Today’s refinance rates

Mortgage Calculator

Use our free mortgage calculator to see how today’s interest rates will affect your monthly payments:

By clicking on “More details,” you’ll also see how much you’ll pay over the entire length of your mortgage, including how much goes toward the principal vs. interest.

Mortgage Rate Projection for 2023

Mortgage rates started ticking up from historic lows in the second half of 2021 and increased over three percentage points in 2022.

But many forecasts expect rates to begin to fall this year. In their latest forecast, Fannie Mae researchers predicted that 30-year fixed rates will trend down throughout 2023 and 2024.

But whether mortgage rates will drop in 2023 hinges on if the Federal Reserve can get inflation under control.

In the last 12 months, the Consumer Price Index rose by 3.7%. Inflation has slowed significantly since it peaked a year ago, but we still need to see a bit more slowing before the Fed will consider cutting rates.

For homeowners looking to leverage their home’s value to cover a big purchase — such as a home renovation — a home equity line of credit (HELOC) may be a good option while we wait for mortgage rates to ease. Check out some of our best HELOC lenders to start your search for the right loan for you.
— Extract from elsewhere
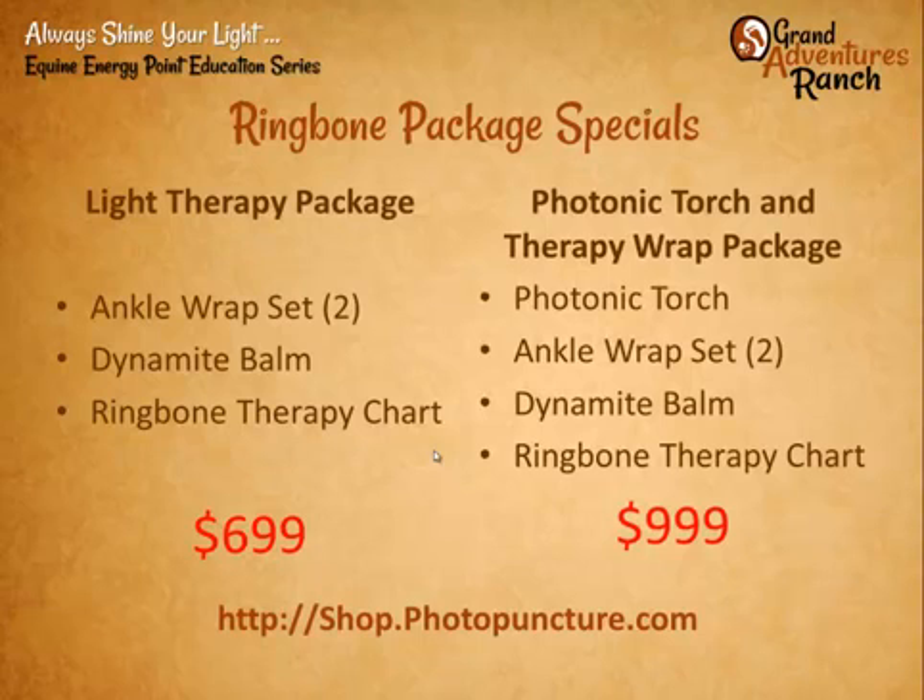We have a couple of specials for people who want to do ankle wraps for ring bone. The ankle wrap set is $700 — we'll throw in the first tub of balm and the ring bone therapy charts for $699. If somebody also wants to try photopuncture with a photonic torch and doesn't already have a light therapy set, we're adding in the torch, the wraps, the balm, and the therapy charts for $999. Those can be purchased at our store.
A HELOC is a line of credit that lets you borrow against the equity in your home. It works similarly to a credit card in that you borrow what you need rather than getting the full amount you’re borrowing in a lump sum. It also lets you tap into the money you have in your home without replacing your entire mortgage, like you’d do with a cash-out refinance.

Current HELOC rates are relatively low compared to other loan options, including credit cards and personal loans. 

When Will House Prices Come Down?

Home prices declined a bit on a monthly basis late last year, but we aren’t likely to see huge drops this year, even if there’s a recession.

Fannie Mae researchers expect prices to increase 3.9% in 2023, while the Mortgage Bankers Association expects a 1.5% increase in 2023 and a 1.1% increase in 2024.

Sky high mortgage rates have pushed many hopeful buyers out of the market, slowing homebuying demand and putting downward pressure on home prices. But rates may start to drop soon, which would remove some of that pressure. The current supply of homes is also historically low, which will likely keep prices from dropping too far.

What Happens to House Prices in a Recession?

House prices usually drop during a recession, but not always. When it does happen, it’s generally because fewer people can afford to purchase homes, and the low demand forces sellers to lower their prices.

How Much Mortgage Can I Afford?

A mortgage calculator can help you determine how much you can afford to borrow. Play around with different home prices and down payment amounts to see how much your monthly payment could be, and think about how that fits in with your overall budget.

Typically, experts recommend spending no more than 28% of your gross monthly income on housing expenses. This means your entire monthly mortgage payment, including taxes and insurance, shouldn’t exceed 28% of your pre-tax monthly income.

The lower your rate, the more you’ll be able to borrow, so shop around and get preapproved with multiple mortgage lenders to see who can offer you the best rate. But remember not to borrow more than what your budget can comfortably handle.